The UAE expects investment legislation allowing up to 100 per cent foreign ownership of onshore companies to be passed this year.

“We have a vision to optimise foreign investor shareholding in selected sectors,” Obaid al-Zaabi, CEO of the Securities & Commodities Authority, told a regulatory panel during an investment forum organised by Egypt-based EFG Hermes.

Al-Zaabi cited as a strong precedent an earlier federal government decision allowing foreign investors to own up to 20 per cent shares in government-backed telecoms service provider Etisalat.
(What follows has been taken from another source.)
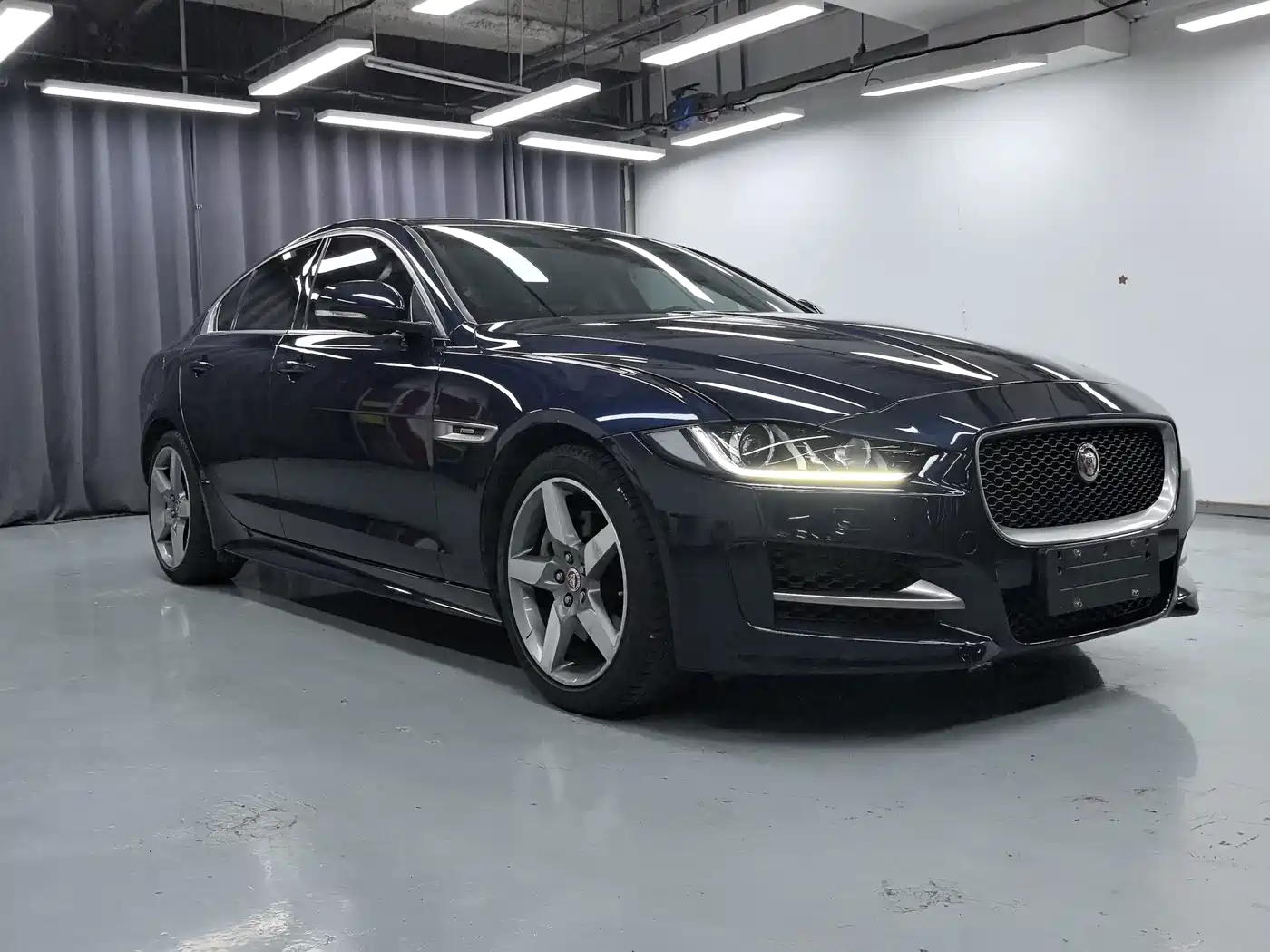 Jaguar XE 2016 2015 2.0T 200PS R-Sport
However, he stopped short of specifying which sectors are likely to be opened up to 100 per cent foreign ownership.

Other securities and market regulators in the region favour a more gradual approach to foreign ownership.

Khaled al-Homoud, member of the Board of Commissioners at Saudi Arabia’s Capital Market Authority, does not expect the kingdom’s recently enacted policy allowing up to 49 per cent foreign ownership across sectors to change soon.
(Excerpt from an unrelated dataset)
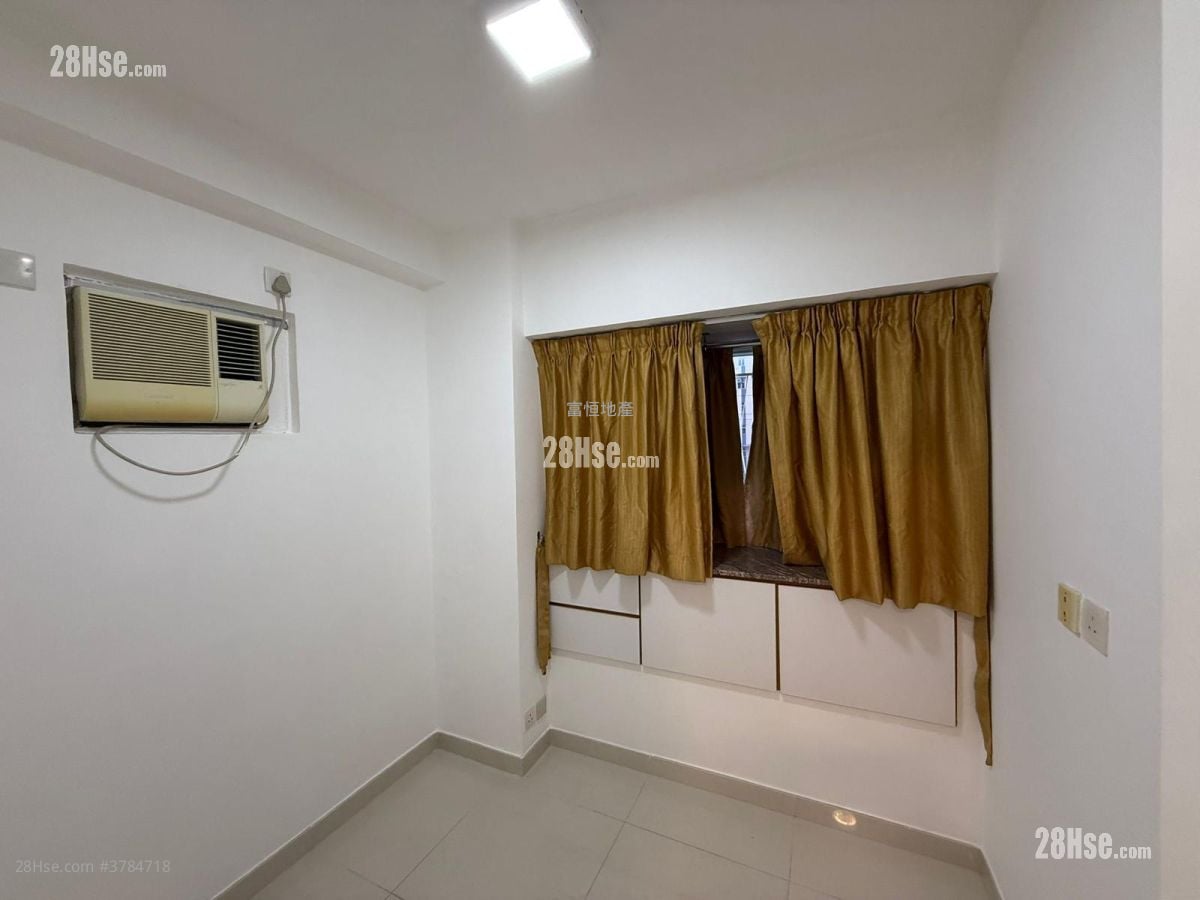 Bailey Garden Sell 3 Bedrooms , 2 Bathrooms 476 ft²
“The regulation allowing 49 per cent ownership is a major improvement in the regime itself,” he says. “We have not seen the need to open up ownership limitations beyond 49 per cent.”

He says the foreign ownership cap is necessary to protect the kingdom’s monetary policy and keep it aligned with policies prescribed by the Saudi Arabian Monetary Authority (Sama), the kingdom’s central bank.